In fact, the system consists of three parts: the trigger, the key, and the content. The "trigger" can be any object in physical space, for example graffiti, a bus timetable, or money. The "key" is the code that links the seemingly innocent object to the content, and it does not necessarily indicate which object should be scanned. The content is the content itself, potentially something secret: instructions for preparing a popular drink, the location of a treasure, or a computer password. Minimal traces. Only the combination of the trigger and the key leads to the hidden content.
At the end of the session, we were sent home with an assignment: to create our first lens. After finishing it, I decided to test an additional idea. What would happen if I showed the camera only half of the trigger? Would it still display the additional layer? To my surprise, even 1/16 of the trigger-object was enough to activate the overlay. In other words, it is possible to distribute the trigger among sixteen different people who all share access to the same content layer. However, in order to maintain discretion, one must find a way to prevent someone who steals only part of the trigger from uncovering the entire content. One possible solution is that scanning only part of the trigger reveals different information from what is revealed when scanning the complete object.

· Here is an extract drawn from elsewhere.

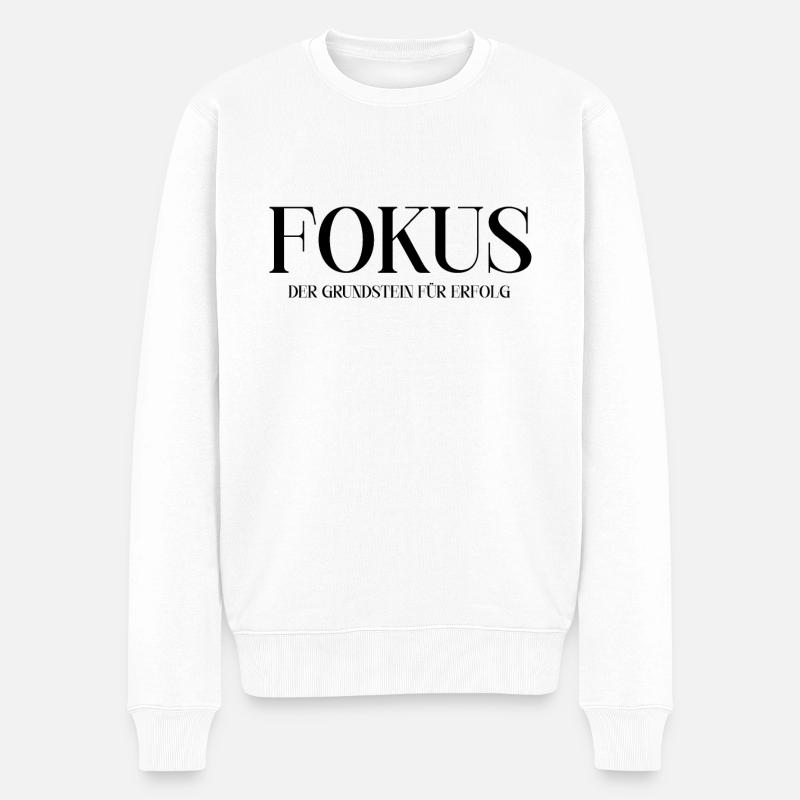 Fokus Glück Motivation - Männer Premium Bio Pullover - Weiß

With the ambition to create a mystery story based on these technological properties, I began working on the final project for the course. The idea itself was generic but effective:
A hacker named “Jaguar 411” has broken into the player’s accounts. The player must communicate with him via WhatsApp over the next 20 minutes in order to prevent the information from being leaked. During the WhatsApp conversation, the player receives clues about what to scan, along with the lenses themselves.
In practice, this was the inverse of an escape room: an “entry space.” We had to think about how to guide the user toward a specific location, our computer lab classroom. The starting point was the entrance to the Mexico building. After the opening video, we sent the user the first lens (you are welcome to try it with your phone on the image to the right). When the player scanned the central wall, a GIF of a hand appeared, instructing them to approach the wall. As they moved closer, the trigger became only the blue figure, and the overlay content changed accordingly:
Another discovery that helped shape the gameplay was that although Snapchat’s software does not recognize three-dimensional objects as triggers, when the trigger is a staircase with a sufficiently distinct appearance, the player can stand beside it and the lens will still recognize it. This allowed us to guide the player to the second floor.

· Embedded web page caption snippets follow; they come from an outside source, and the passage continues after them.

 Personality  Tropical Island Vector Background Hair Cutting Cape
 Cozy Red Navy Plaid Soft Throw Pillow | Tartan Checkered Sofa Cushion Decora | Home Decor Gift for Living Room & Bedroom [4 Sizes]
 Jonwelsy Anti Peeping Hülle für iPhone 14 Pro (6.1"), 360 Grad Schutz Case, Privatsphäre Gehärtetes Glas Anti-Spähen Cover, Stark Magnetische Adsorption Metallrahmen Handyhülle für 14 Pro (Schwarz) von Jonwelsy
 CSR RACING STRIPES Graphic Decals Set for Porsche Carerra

When the player reached the lab door and encountered a keypad, they received another lens:
Anyone with experience in escape rooms or puzzle games would immediately understand that, in order to enter, four objects must be found to form the code. The colors and shapes hint at the sequence of inputs on the keypad (a green circle, followed by a blue rectangle, and so on). But how are the numbers themselves found? By searching the surroundings for objects to scan according to the colors, and by following hints from Jaguar:
Anyone who managed to enter the lab effectively completed the mission and won.

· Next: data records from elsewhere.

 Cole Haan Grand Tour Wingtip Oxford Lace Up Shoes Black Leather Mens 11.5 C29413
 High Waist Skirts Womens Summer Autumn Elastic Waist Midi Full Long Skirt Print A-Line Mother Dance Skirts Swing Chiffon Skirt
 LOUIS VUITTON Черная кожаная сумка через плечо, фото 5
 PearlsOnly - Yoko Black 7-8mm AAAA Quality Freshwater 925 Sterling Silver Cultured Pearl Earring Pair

Like many projects that remain within the boundaries of academic courses or research, the ideas I discovered here did not lead anywhere beyond this framework. I did not continue working on hidden messages or further testing the capabilities of AR tools. Still, I believe this is a technology with significant potential due to its low physical footprint in real space. Vast amounts of writing already exist on the potential uses of augmented reality, and I wish to add just one more point to that discussion this time.